How do I take this and update the "multiplier" column on my original dataFrame?
if I try to do the following:
dftest['multiplier']=dftest.groupby('Ticker')['f1','f2','f3','f4','f5','p1','p2','p3','p4','p5'].apply(lambda x: pd.DataFrame(m.values * x[['p1','p2','p3','p4','p5']].T.dot(x[['f1','f2','f3','f4','f5']]).values, columns = m.columns, index = m.index).sum().sum())
I get NaNs in the multiplier column.
dftest
Out[407]:
Ticker f1 f2 f3 f4 f5 p1 p2 p3 p4 p5 multiplier
0 A 0.18 0.25 0.36 0.21 0 0.16 0.16 0.64 0.04 0 NaN
1 B 0.00 0.00 0.50 0.50 0 0.00 0.00 0.25 0.75 0 NaN
I suspect it has to do with indexing and whether all the indices after grouping are translating back to the original dataframe.
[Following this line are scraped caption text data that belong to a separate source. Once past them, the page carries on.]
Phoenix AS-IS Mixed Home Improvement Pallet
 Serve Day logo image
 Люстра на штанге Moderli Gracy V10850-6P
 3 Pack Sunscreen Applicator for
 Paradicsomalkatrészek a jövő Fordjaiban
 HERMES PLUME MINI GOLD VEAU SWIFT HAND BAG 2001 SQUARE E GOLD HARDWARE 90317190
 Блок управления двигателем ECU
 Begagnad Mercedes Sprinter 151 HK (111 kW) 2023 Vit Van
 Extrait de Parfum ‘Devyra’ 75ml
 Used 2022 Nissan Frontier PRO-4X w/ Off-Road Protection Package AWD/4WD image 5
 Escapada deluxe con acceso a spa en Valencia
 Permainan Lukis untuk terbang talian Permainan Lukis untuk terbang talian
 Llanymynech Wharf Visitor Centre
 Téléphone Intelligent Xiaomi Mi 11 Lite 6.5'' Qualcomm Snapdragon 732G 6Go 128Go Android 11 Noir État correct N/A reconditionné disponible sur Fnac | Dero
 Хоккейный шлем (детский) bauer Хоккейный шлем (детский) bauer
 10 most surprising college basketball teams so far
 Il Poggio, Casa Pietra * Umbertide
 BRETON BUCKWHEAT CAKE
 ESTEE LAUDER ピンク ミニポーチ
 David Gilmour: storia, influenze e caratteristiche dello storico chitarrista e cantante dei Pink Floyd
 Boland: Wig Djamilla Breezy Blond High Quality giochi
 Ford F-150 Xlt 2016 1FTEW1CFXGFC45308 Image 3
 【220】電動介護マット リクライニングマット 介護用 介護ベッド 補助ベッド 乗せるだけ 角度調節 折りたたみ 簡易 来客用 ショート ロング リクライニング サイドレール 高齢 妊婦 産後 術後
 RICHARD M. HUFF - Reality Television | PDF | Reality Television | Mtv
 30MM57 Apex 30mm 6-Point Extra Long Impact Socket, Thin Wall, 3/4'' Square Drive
Second, do I need a group by statement for this one? Since it is a row by row solution, can't I just do it without grouping or group by the index? any suggestions on that?
I need to do this without iterating row by row because the whole code will iterate due to some optimization I have to do. So I need to run this whole process, look at the results and if they are outside some constraints, calculate new f1 through f5 and p1 through p5 and run the whole thing again.
I posted a question on this earlier but it was confusing so this a second attempt. Hope it makes sense.
Thanks in advance for all your help.